🤖 AI Summary
To address the limited expressiveness, computational instability, and popularity bias inherent in Euclidean-space modeling for recommender systems, this paper proposes a hyperbolic representation learning framework. Methodologically, it (1) reformulates the hyperbolic distance function to better capture user–item–context ternary relations; (2) introduces a Riemannian manifold-based triplet loss that incorporates pairwise interaction terms, jointly optimizing the geometric relationships among users, preferred items, and non-preferred items on the hyperbolic hypersphere; and (3) employs Riemannian optimization to ensure training stability.

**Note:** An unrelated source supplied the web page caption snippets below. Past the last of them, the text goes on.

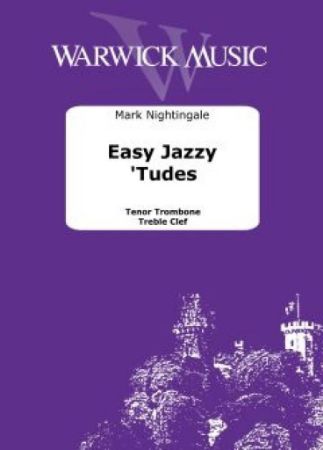 NIGHTINGALE:EASY JAZZY 'TUDES TENOR TROMBONE TREBLE CLEF + AUDIO ACCESS
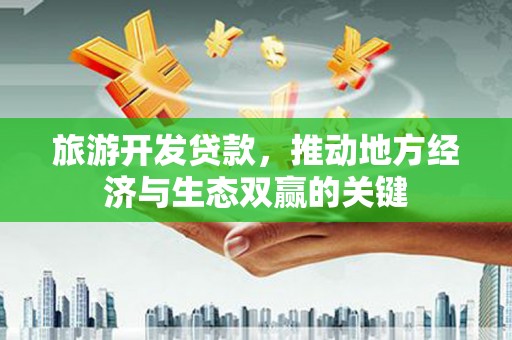 天等旅游开发贷款，推动地方经济与生态双赢的关键
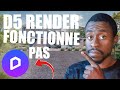 D5 render  non ne fonctionne pas   les raisons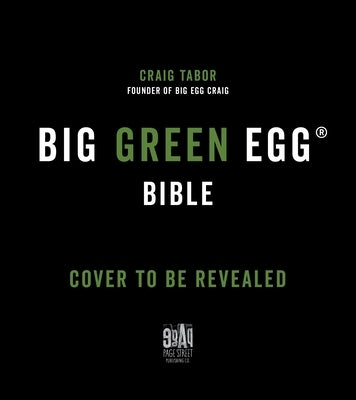 Mastering the Big Green Egg(r) by Big Green Craig: An Operator's Manual and Cookbook Paperback Page Street Publishing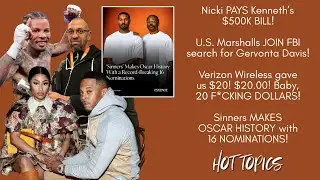 Nicki Minaj PAYS JUDGEMENT, Gervonta Davis is a WANTED man, Verizon, SINNERS makes Oscar HISTORY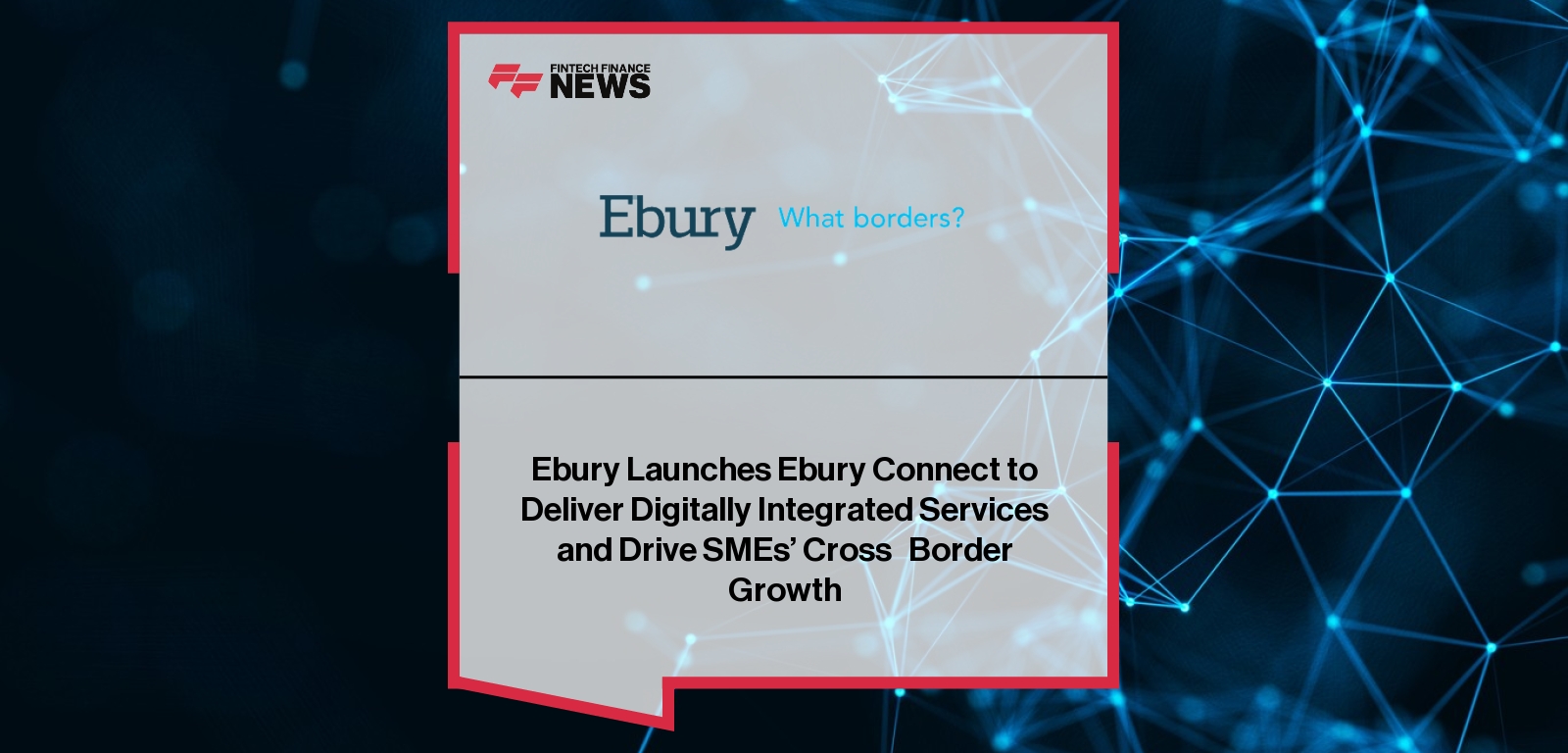 Digital tools for Ebury Connect SME growth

Extensive experiments on multiple benchmark datasets demonstrate that the proposed method significantly outperforms state-of-the-art Euclidean and hyperbolic baselines. It achieves consistent improvements in standard metrics (e.g., Recall@K) while effectively mitigating popularity bias—thereby enhancing recommendation diversity and personalization.
📝 Abstract
Recent studies have demonstrated the potential of hyperbolic geometry for capturing complex patterns from interaction data in recommender systems. In this work, we introduce a novel hyperbolic recommendation model that uses geometrical insights to improve representation learning and increase computational stability at the same time. We reformulate the notion of hyperbolic distances to unlock additional representation capacity over conventional Euclidean space and learn more expressive user and item representations. To better capture user-items interactions, we construct a triplet loss that models ternary relations between users and their corresponding preferred and nonpreferred choices through a mix of pairwise interaction terms driven by the geometry of data. Our hyperbolic approach not only outperforms existing Euclidean and hyperbolic models but also reduces popularity bias, leading to more diverse and personalized recommendations.